Android applications normally run entirely on a single thread by default the "UI thread" or "main thread"). This means anything your application is doing in the UI thread that takes a long time to complete can trigger the ANR dialog because your application is not giving itself a chance to handle the input event or intent broadcasts.

Therefore, any method that runs in the UI thread should do as little work as possible on that thread. In particular, activities should do as little as possible to set up in key life-cycle methods such as onCreate() and onResume(). Potentially long running operations such as network or database operations, or computationally expensive calculations such as resizing bitmaps should be done in a worker thread (or in the case of databases operations, via an asynchronous request).

Code: Worker thread with the AsyncTask class

private class DownloadFilesTask extends AsyncTask<URL, Integer, Long> {
    // Do the long-running work in here
    protected Long doInBackground(URL... urls) {
        int count = urls.length;
        long totalSize = 0;
        for (int i = 0; i < count; i++) {
            totalSize += Downloader.downloadFile(urls[i]);
            publishProgress((int) ((i / (float) count) * 100));
            // Escape early if cancel() is called
            if (isCancelled()) break;
        }
        return totalSize;
    }

    // This is called each time you call publishProgress()
    protected void onProgressUpdate(Integer... progress) {
        setProgressPercent(progress[0]);
    }

    // This is called when doInBackground() is finished
    protected void onPostExecute(Long result) {
        showNotification("Downloaded " + result + " bytes");
    }
}

Code: Execute Worker thread

To execute this worker thread, simply create an instance and call execute():

new DownloadFilesTask().execute(url1, url2, url3);

Source

http://developer.android.com/training/articles/perf-anr.html

my issue with ANR , after much work i found out that a thread was calling a resource that did not exist in the layout, instead of returning an exception , i got ANR ...

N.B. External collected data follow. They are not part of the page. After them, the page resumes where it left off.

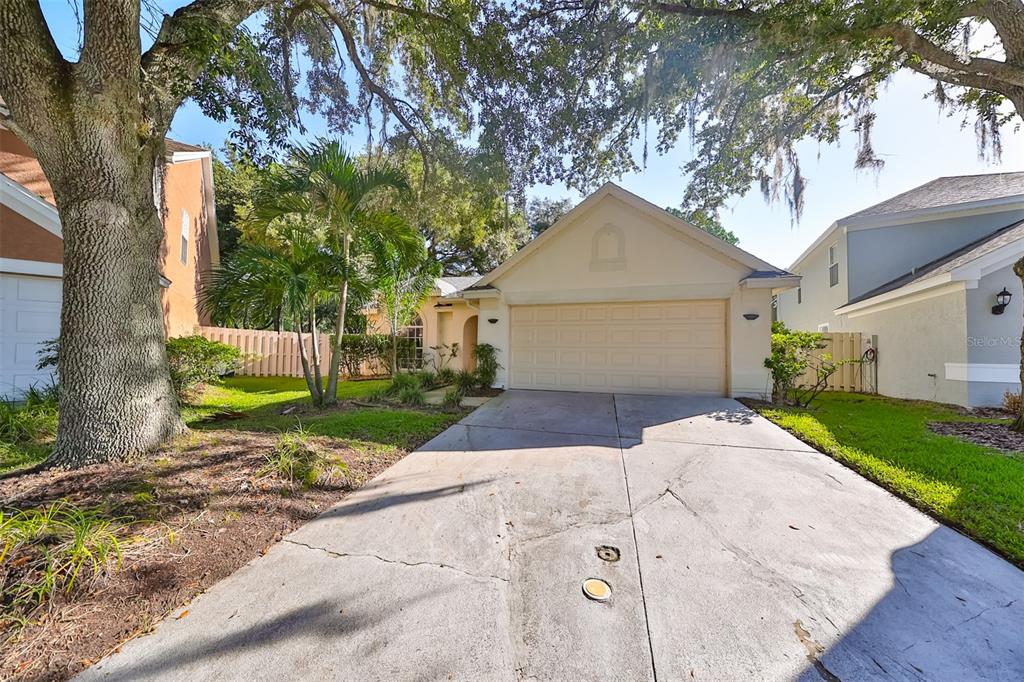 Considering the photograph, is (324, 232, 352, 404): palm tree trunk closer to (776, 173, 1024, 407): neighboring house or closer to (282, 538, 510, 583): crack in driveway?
(282, 538, 510, 583): crack in driveway

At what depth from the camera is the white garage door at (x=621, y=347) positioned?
27.3 feet

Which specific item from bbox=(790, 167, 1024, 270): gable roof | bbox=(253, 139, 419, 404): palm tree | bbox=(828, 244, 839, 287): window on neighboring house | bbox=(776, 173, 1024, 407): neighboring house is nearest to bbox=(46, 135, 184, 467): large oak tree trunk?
bbox=(253, 139, 419, 404): palm tree

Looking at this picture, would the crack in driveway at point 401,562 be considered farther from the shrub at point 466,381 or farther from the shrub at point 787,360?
the shrub at point 787,360

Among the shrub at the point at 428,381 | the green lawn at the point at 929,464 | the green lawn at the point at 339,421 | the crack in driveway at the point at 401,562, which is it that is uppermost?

You need to look for "waiting to lock" in /data/anr/traces.txt file

for more details: Engineer for High Performance with Tools from Android & Play (Google I/O '17)

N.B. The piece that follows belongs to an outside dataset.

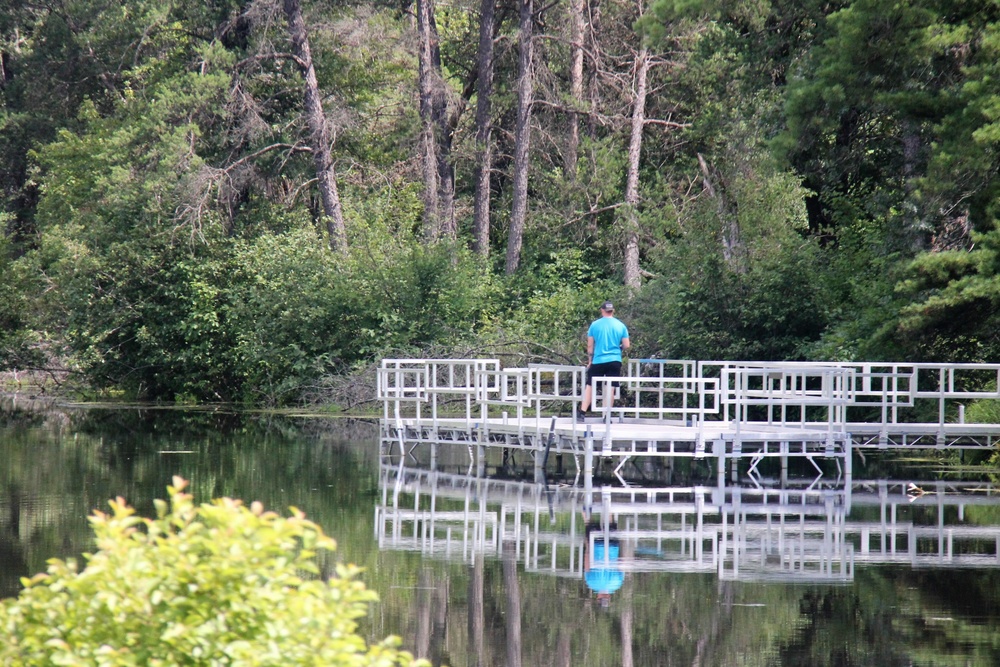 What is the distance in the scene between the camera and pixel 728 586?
11375 millimetres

Basic on @Horyun Lee answer, I wrote a small python script to help to investigate ANR from traces.txt.

The ANRs will output as graphics by graphviz if you have installed grapvhviz on your system.

$ ./anr.py --format png ./traces.txt

A png will output like below if there are ANRs detected in file traces.txt. It's more intuitive.

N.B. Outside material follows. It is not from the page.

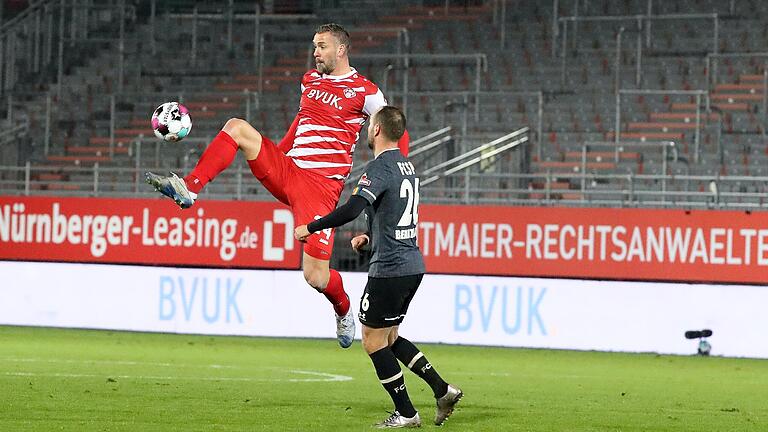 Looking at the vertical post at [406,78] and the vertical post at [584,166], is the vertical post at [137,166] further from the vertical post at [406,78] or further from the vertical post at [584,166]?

The sample traces.txt file used above was get from here.

Consider using the ANR-Watchdog library to accurately track and capture ANR stack traces in a high level of detail. You can then send them to your crash reporting library. I recommend using setReportMainThreadOnly() in this scenario. You can either make the app throw a non-fatal exception of the freeze point, or make the app force quit when the ANR happens.

Note that the standard ANR reports sent to your Google Play Developer console are often not accurate enough to pinpoint the exact problem. That's why a third-party library is needed.